Counting only lines that contain "image", how many are there in the records below? Give the figure alone.

(DATA TO EXAMINE)

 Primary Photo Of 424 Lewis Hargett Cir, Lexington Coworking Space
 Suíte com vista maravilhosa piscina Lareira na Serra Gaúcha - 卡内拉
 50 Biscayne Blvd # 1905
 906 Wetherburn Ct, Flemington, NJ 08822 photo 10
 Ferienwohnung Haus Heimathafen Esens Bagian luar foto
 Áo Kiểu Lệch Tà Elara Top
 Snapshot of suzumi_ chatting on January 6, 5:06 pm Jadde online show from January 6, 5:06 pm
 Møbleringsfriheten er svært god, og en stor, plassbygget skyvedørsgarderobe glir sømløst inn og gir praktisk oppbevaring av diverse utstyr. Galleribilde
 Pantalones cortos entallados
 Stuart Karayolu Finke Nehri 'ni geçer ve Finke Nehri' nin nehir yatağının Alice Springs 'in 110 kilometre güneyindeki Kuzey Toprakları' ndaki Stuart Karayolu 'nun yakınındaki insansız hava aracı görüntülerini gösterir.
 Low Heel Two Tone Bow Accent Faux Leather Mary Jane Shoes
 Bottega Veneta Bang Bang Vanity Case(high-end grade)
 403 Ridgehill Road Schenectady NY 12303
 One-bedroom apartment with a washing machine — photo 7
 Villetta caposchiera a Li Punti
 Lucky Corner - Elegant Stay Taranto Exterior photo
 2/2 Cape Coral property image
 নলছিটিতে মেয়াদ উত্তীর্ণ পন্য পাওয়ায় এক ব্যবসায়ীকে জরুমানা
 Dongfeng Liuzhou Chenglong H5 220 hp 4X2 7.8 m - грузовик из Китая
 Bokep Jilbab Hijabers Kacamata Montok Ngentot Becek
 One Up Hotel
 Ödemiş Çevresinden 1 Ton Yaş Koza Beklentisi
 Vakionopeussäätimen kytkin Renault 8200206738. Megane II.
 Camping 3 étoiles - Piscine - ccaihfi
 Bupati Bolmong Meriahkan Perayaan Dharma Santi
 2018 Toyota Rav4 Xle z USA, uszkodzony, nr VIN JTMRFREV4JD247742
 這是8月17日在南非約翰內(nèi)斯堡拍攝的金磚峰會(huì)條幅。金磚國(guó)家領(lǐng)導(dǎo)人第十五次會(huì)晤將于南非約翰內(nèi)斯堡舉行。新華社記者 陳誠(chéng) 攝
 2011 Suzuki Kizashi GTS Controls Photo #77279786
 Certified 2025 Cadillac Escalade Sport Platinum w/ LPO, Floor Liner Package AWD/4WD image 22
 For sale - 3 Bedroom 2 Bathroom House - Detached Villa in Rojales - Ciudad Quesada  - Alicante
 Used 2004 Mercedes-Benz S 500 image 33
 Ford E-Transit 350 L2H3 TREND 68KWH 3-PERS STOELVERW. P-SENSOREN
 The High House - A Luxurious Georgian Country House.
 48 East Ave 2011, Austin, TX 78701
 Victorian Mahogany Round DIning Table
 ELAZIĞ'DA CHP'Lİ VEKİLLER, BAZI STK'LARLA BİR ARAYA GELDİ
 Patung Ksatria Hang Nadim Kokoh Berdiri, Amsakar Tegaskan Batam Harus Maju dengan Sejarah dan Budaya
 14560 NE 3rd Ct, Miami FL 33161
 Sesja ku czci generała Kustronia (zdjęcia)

(End DATA TO EXAMINE)

**REPLY TO THE EXERCISE:** 3